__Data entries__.
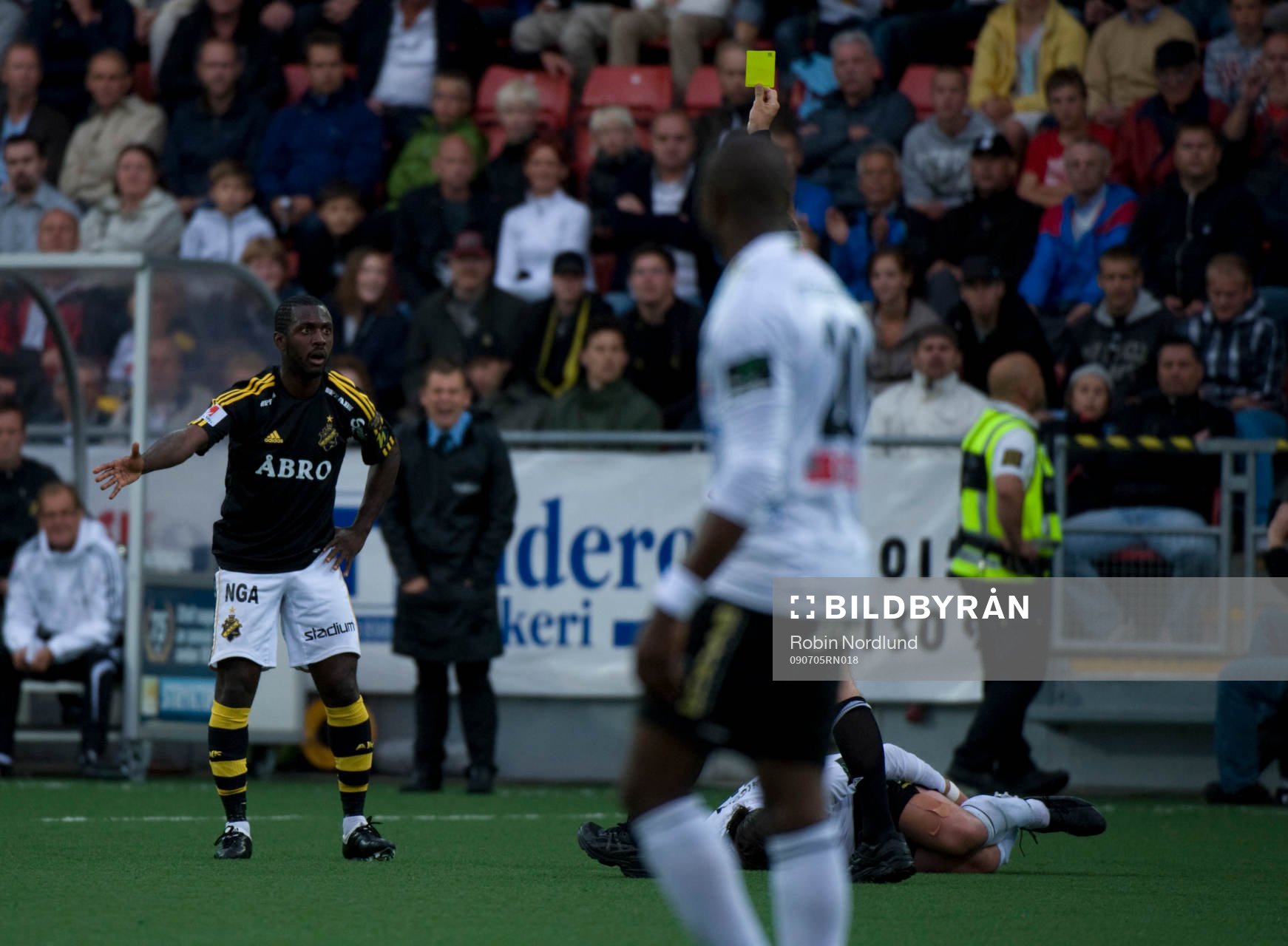 Dulee Johnson, AIK får en varning, gult kort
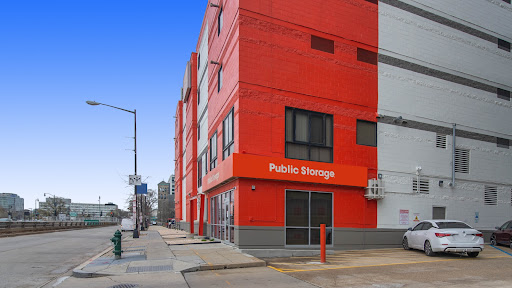 Public Storage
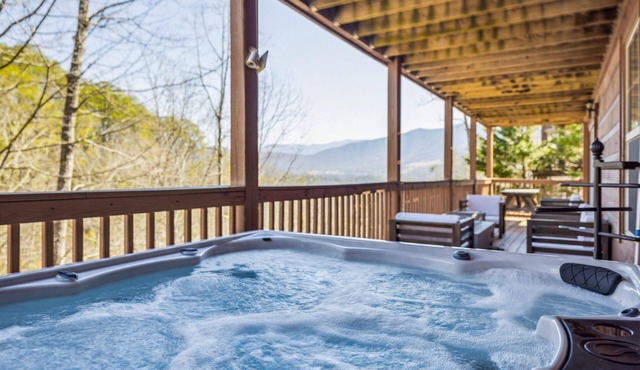Stunning Mountain View Cabin w/Hot Tub & Game Room in Townsend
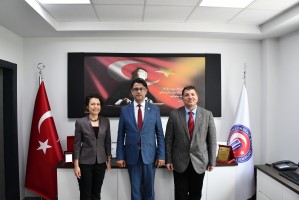 Diş Hekimliği Dekanlığı ve Ağız ve Diş Sağlığı Uygulama ve Araştırma Merkezi Devir Teslim Töreni Gerçekleştirildi fotoğraf 3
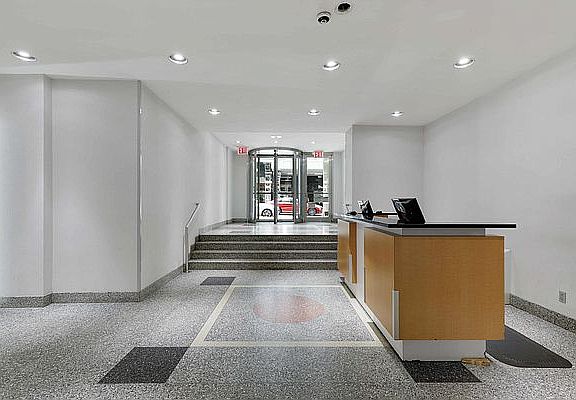 5th image of 330 W 58th St APT 7M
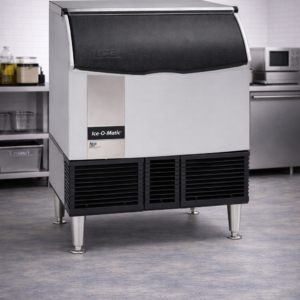Maquina de Hielo Bajo Mostrador De 161 Kgs por Dia Ice Modelo ICU300HWA (Cubo Mediano)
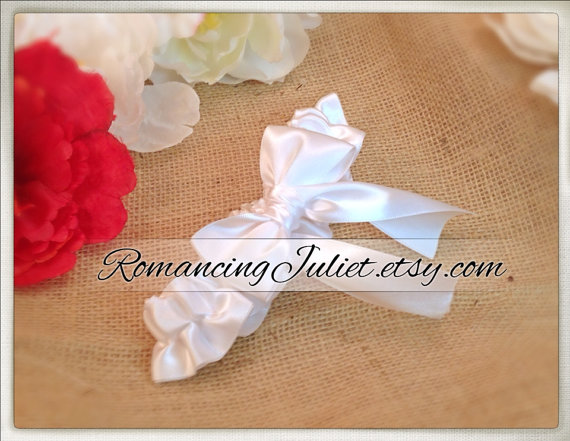 Hochzeit - Satin Skirted Satin Luxe Bow Bridal Garter....Custom Colors Available..shown in white/white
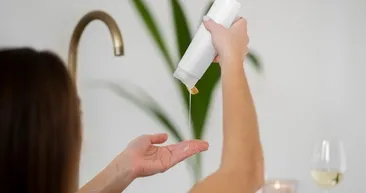 Şampuan alırken aman dikkat! Egzama, kellik ve kepeğin sebebi olabilir: İçinde bu varsa...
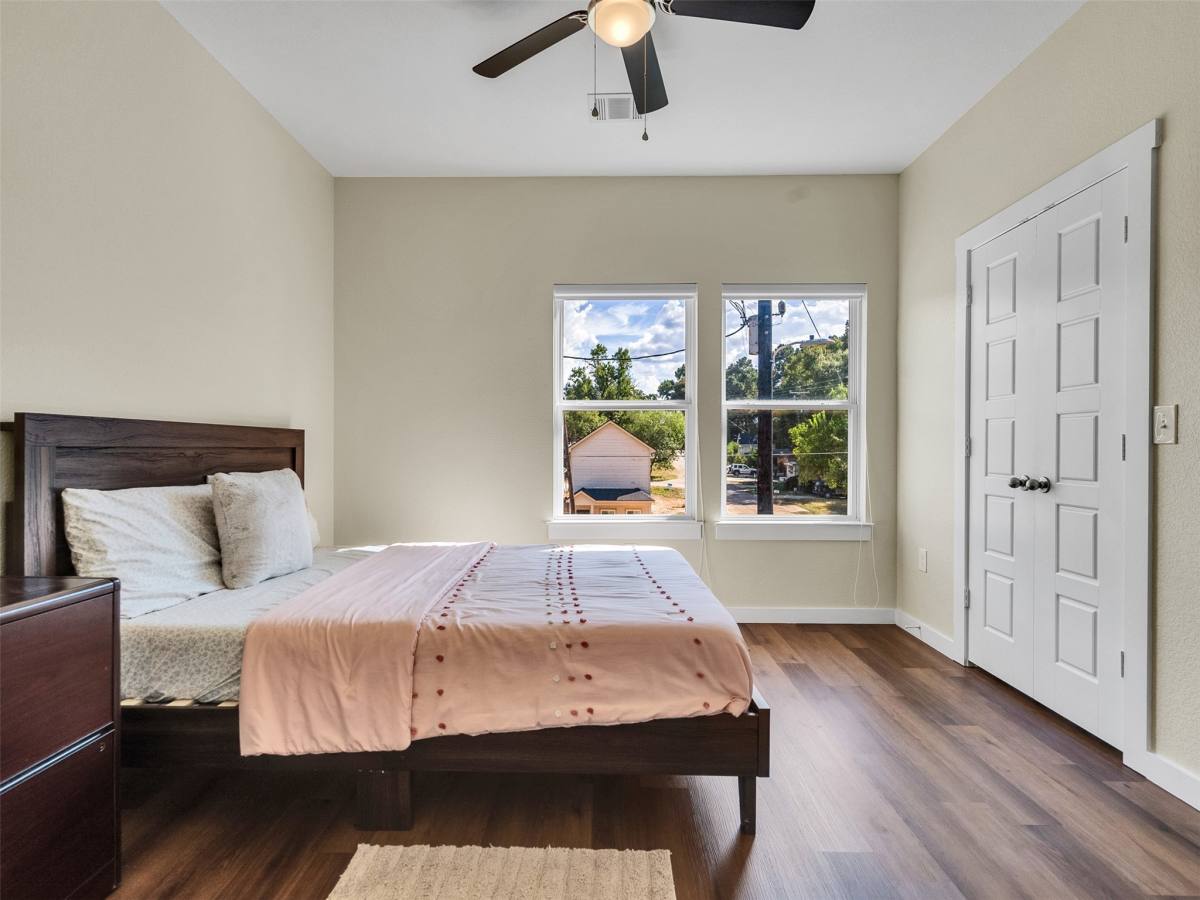 Apartment for rent at 16984 W Juneau St, Montgomery, TX 77316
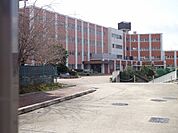 牧の池中学校　徒歩約4分（278ｍ）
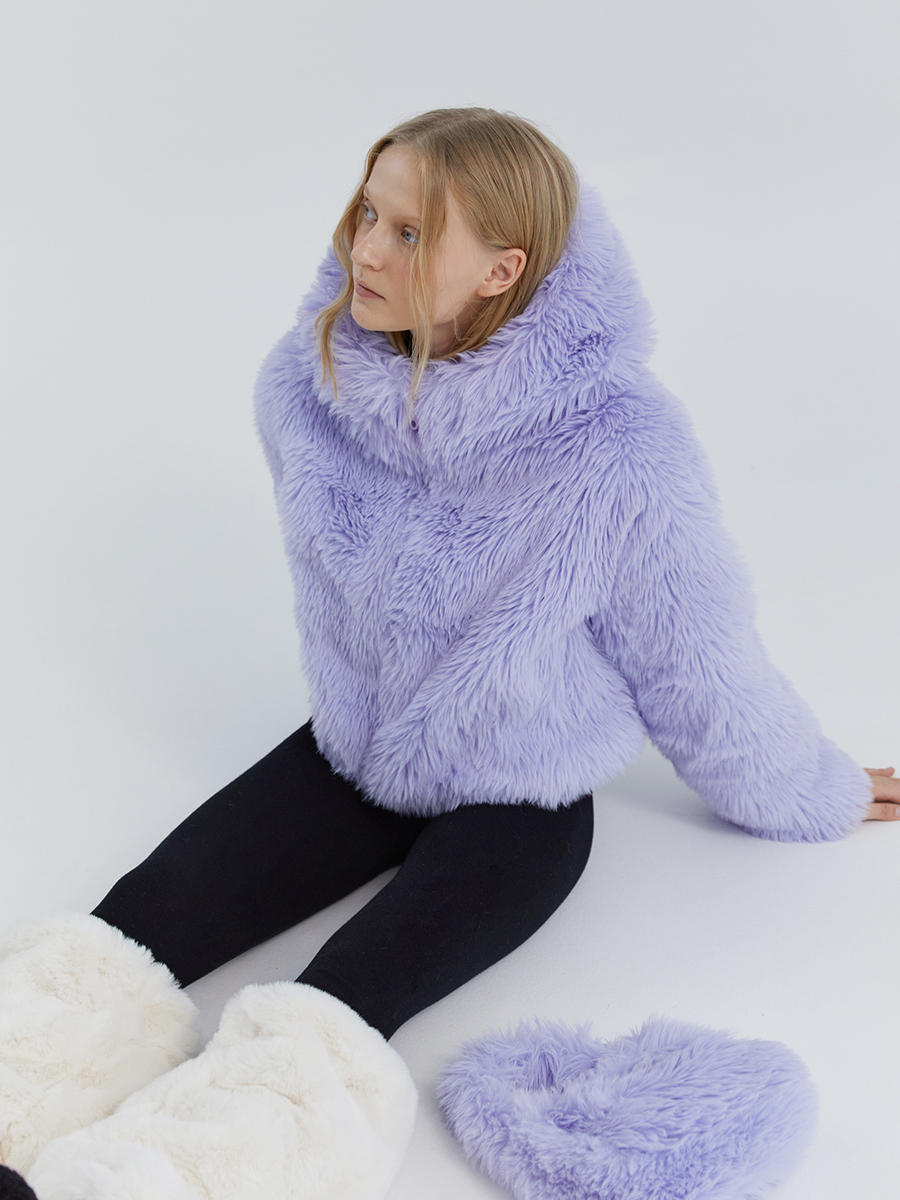 COMELY soft fur crop hoodie jacket [purple]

__What is expected__.
Pictures aside, print exactly the lines above starting with the one containing "Stunning Mountain View" and going on through the one containing "Maquina de Hielo".

__Written answer__.
Stunning Mountain View Cabin w/Hot Tub & Game Room in Townsend
 Diş Hekimliği Dekanlığı ve Ağız ve Diş Sağlığı Uygulama ve Araştırma Merkezi Devir Teslim Töreni Gerçekleştirildi fotoğraf 3
 5th image of 330 W 58th St APT 7M
Maquina de Hielo Bajo Mostrador De 161 Kgs por Dia Ice Modelo ICU300HWA (Cubo Mediano)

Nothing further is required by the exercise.